Input data:
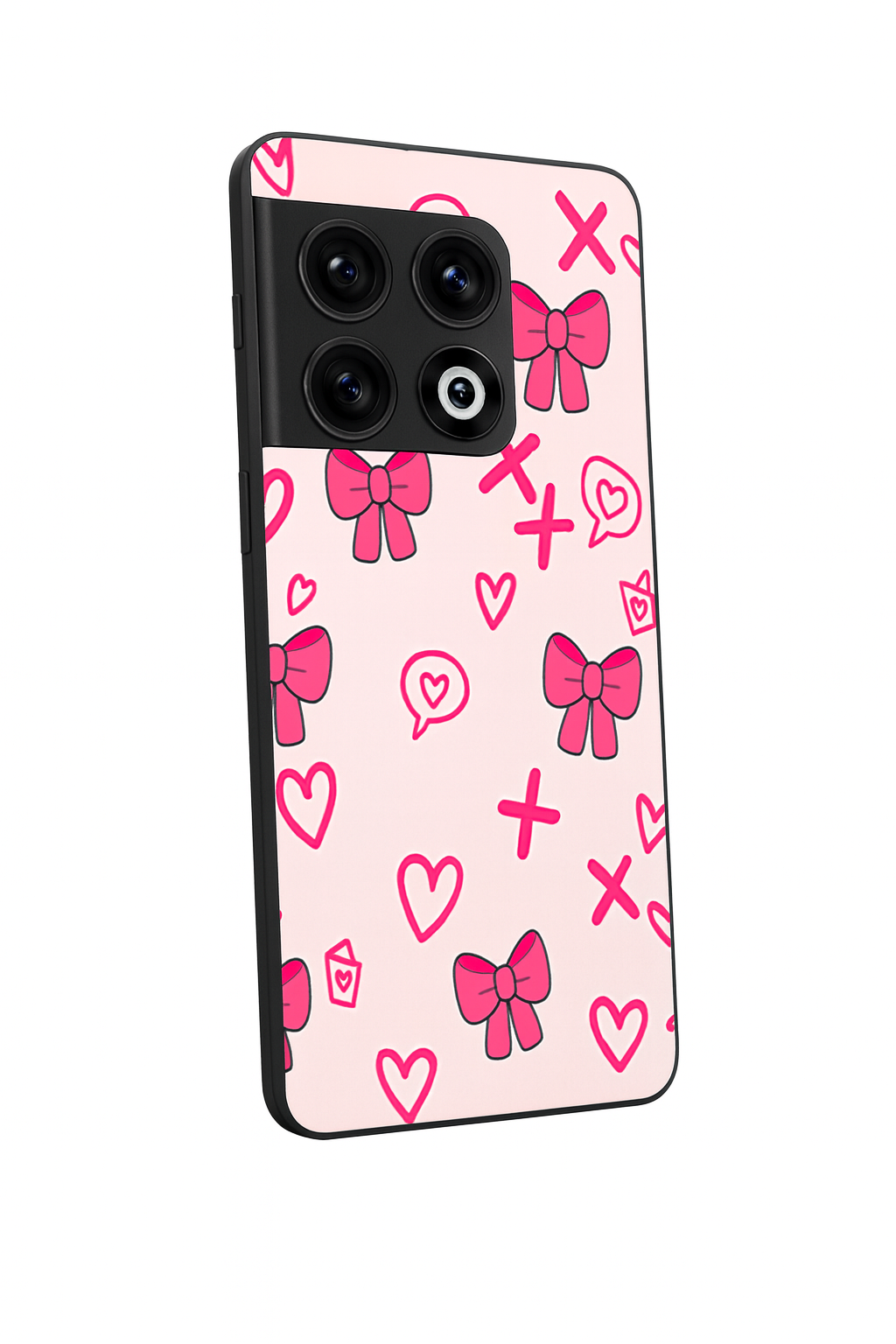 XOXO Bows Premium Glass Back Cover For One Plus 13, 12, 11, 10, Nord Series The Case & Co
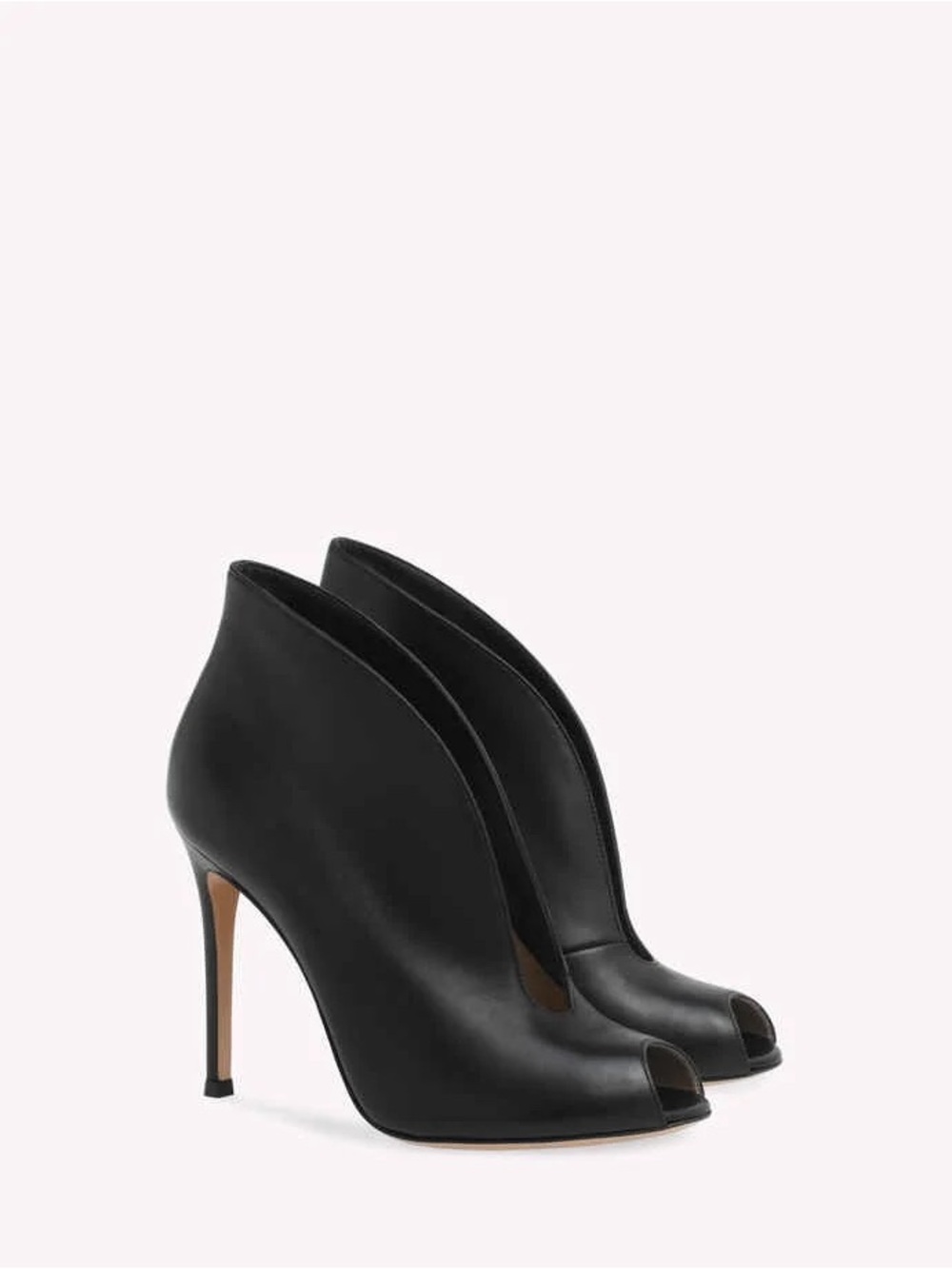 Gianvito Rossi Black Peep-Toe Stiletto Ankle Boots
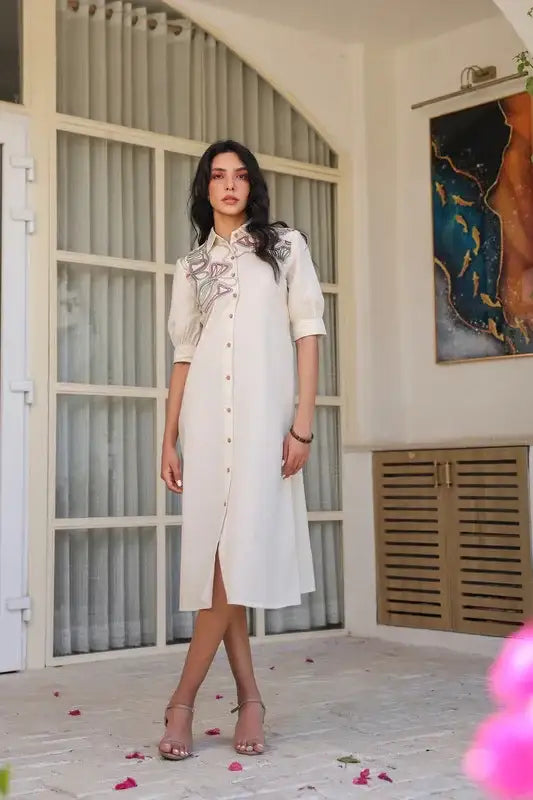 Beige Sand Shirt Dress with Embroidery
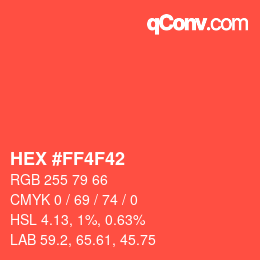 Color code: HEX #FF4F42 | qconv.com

Instructions for the task:
Output verbatim the lines beginning at the line with "Gianvito Rossi Black" and ending at the last line of the material above, inclusive. Do not carry over any pictures.

Answer to this task:
 Gianvito Rossi Black Peep-Toe Stiletto Ankle Boots
 Beige Sand Shirt Dress with Embroidery
 Color code: HEX #FF4F42 | qconv.com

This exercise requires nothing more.